→ Instructions for the task
Although the data below contains pictures, please reproduce only its words, exactly.

→ Exercise material
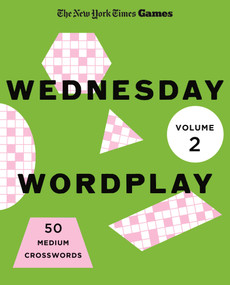 New York Times Games Wednesday Wordplay Volume 2 (50 Medium Crosswords) by The New York Times, Will Shortz, 9781250489852
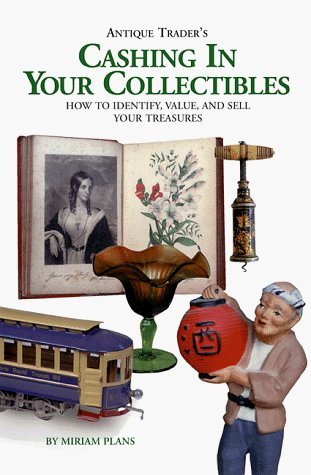 Stock image for The Antique Trader's Cashing in Your Collectibles : How to Identify, Value, and Sell Your Treasures for sale by Better World Books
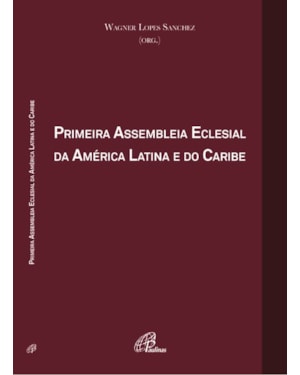 Primeira assembleia eclesial da América latina e do caribe
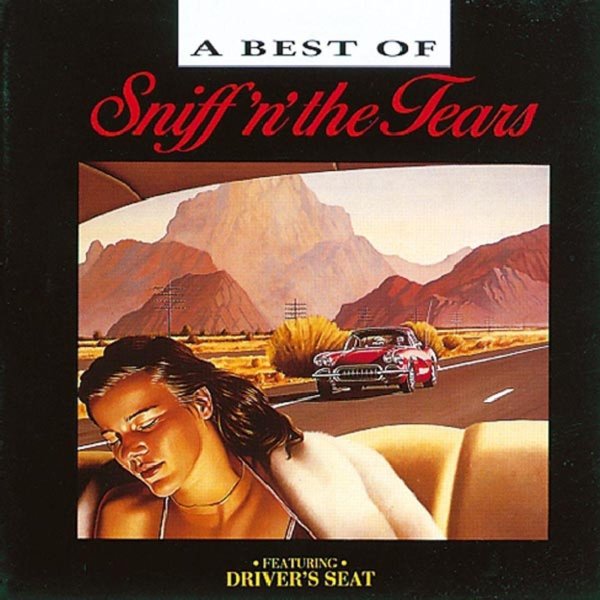 Sniff ’n’ The Tears: A Best Of Sniff N The Tears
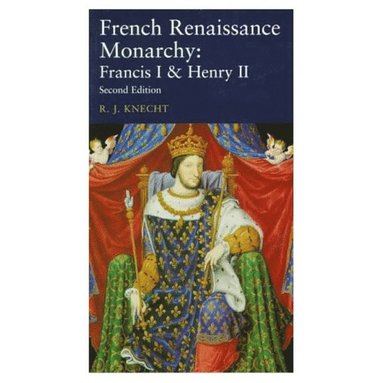 R. J. Knecht - French Renaissance Monarchy, Häftad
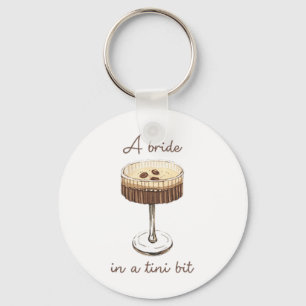 A Bride In A Tiny Bit Bride Funny Martini Bachelor Keychain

→ Answer space
 New York Times Games Wednesday Wordplay Volume 2 (50 Medium Crosswords) by The New York Times, Will Shortz, 9781250489852
 Stock image for The Antique Trader's Cashing in Your Collectibles : How to Identify, Value, and Sell Your Treasures for sale by Better World Books
 Primeira assembleia eclesial da América latina e do caribe
 Sniff ’n’ The Tears: A Best Of Sniff N The Tears
 R. J. Knecht - French Renaissance Monarchy, Häftad
 A Bride In A Tiny Bit Bride Funny Martini Bachelor Keychain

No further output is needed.